Take the lines in the listing below from the line with "Children Christian Stickers" up to and including the line with "FROSAL Bollerwagen Leo" and set them down exactly, skipping pictures and adding nothing.

══ DATA SECTION ══

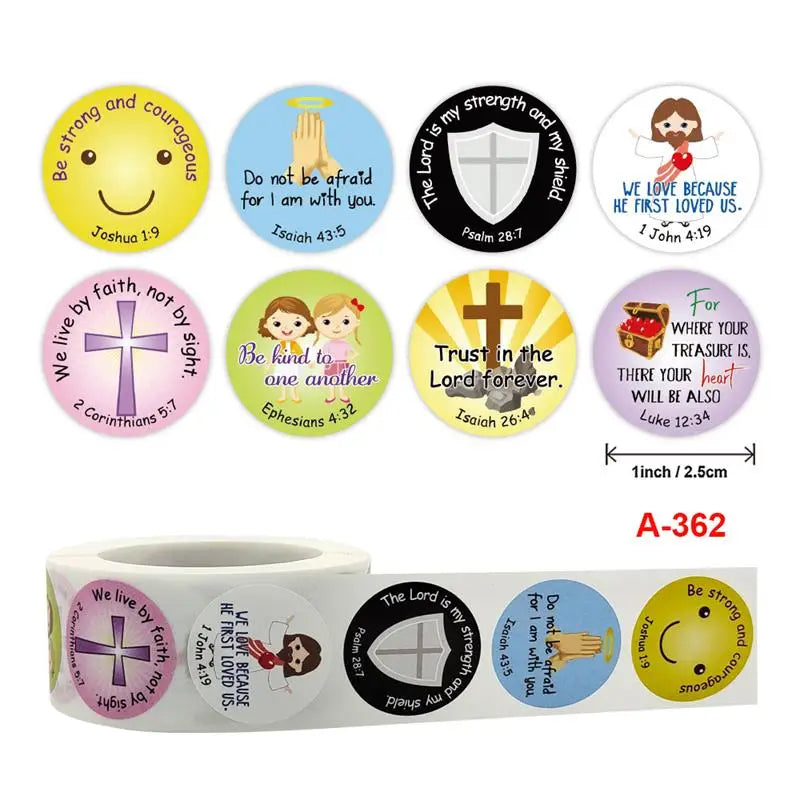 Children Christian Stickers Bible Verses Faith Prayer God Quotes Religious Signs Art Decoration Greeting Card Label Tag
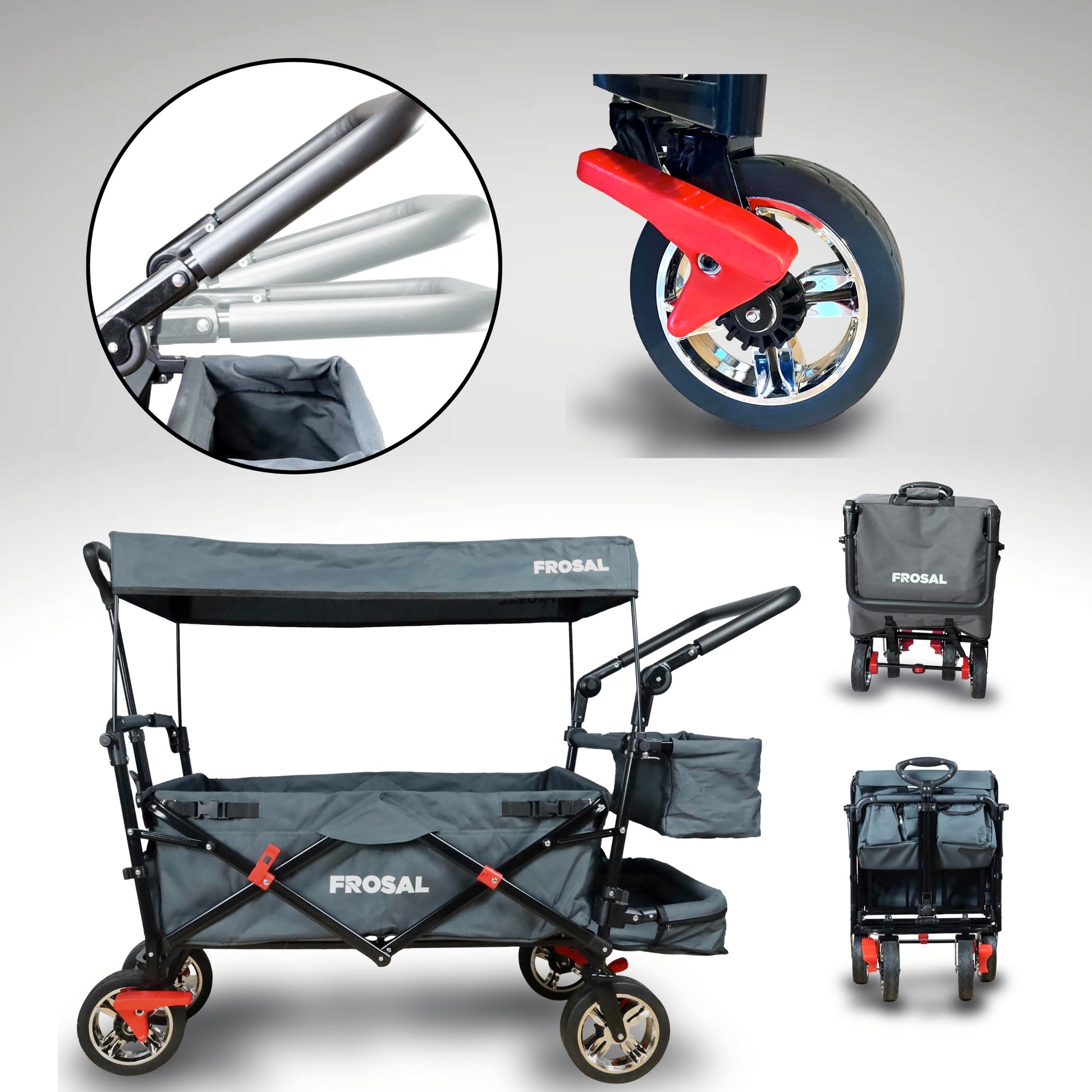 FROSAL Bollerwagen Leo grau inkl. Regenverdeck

═══
══ DATA SECTION ══

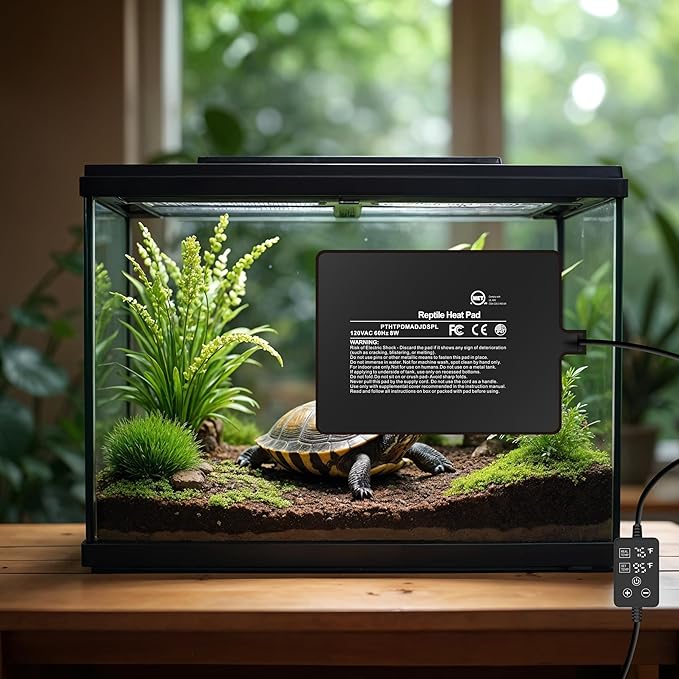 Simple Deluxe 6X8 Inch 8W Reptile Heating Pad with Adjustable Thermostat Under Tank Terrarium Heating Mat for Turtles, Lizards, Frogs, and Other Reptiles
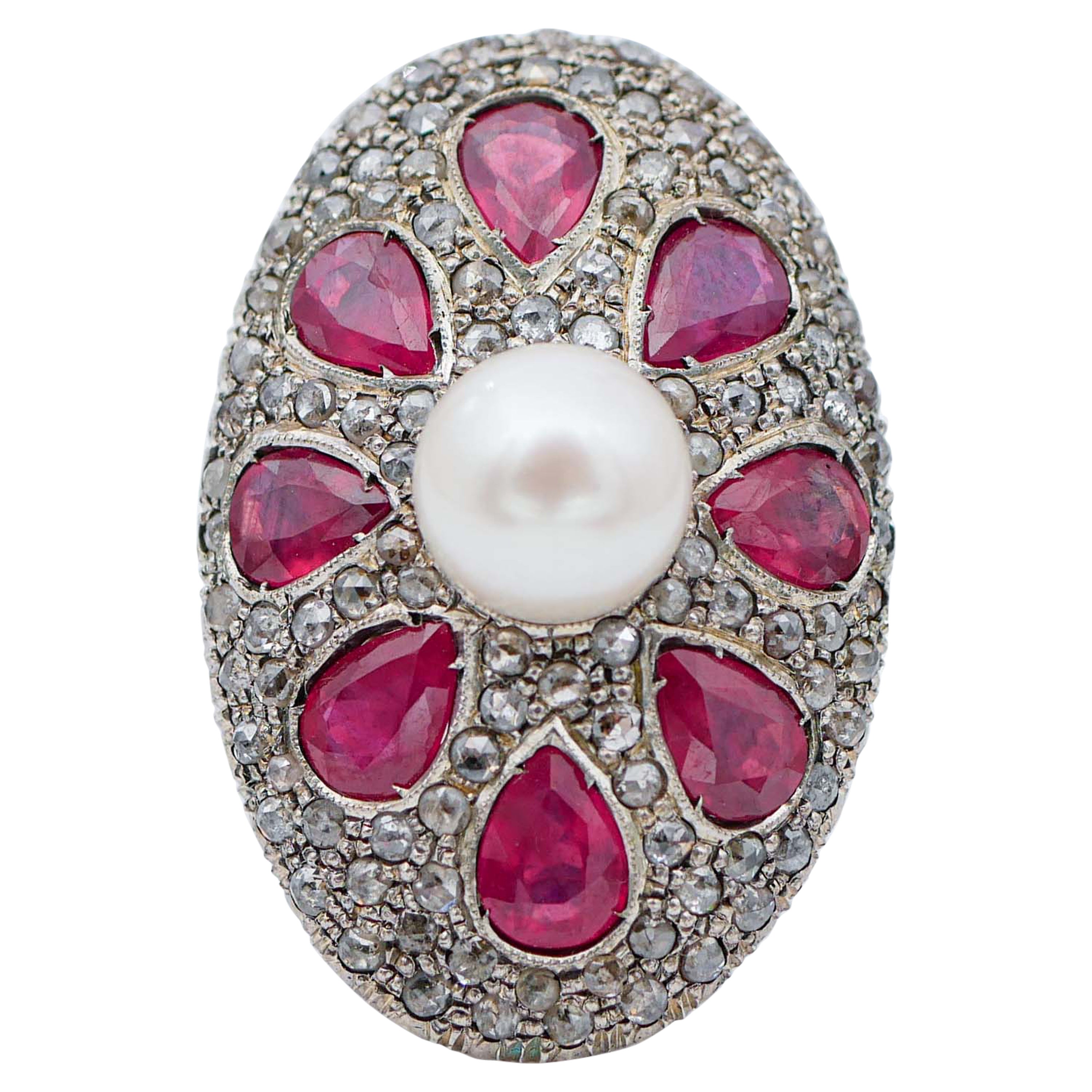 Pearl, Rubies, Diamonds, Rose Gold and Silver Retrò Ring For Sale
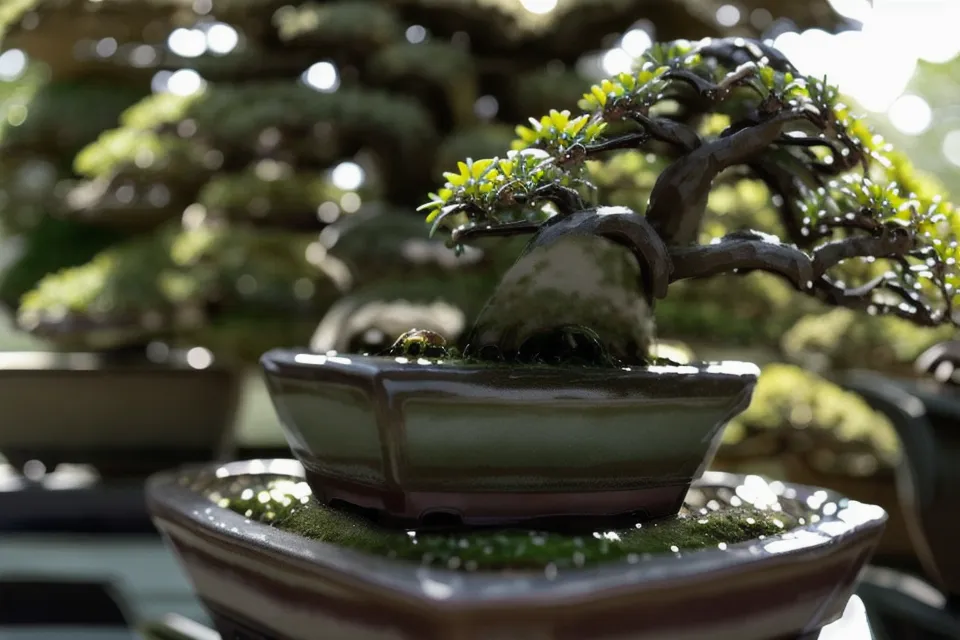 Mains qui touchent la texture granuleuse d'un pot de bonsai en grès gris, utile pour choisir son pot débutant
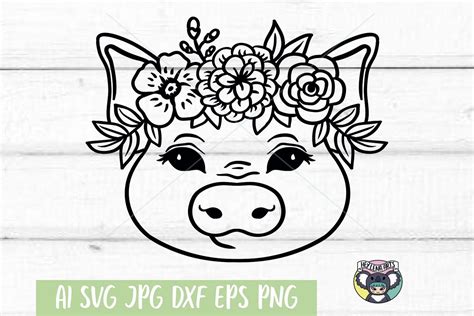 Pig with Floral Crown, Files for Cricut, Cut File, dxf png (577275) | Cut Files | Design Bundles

═══

SOLUTION FOR THIS PROBLEM:
 Children Christian Stickers Bible Verses Faith Prayer God Quotes Religious Signs Art Decoration Greeting Card Label Tag
 FROSAL Bollerwagen Leo grau inkl. Regenverdeck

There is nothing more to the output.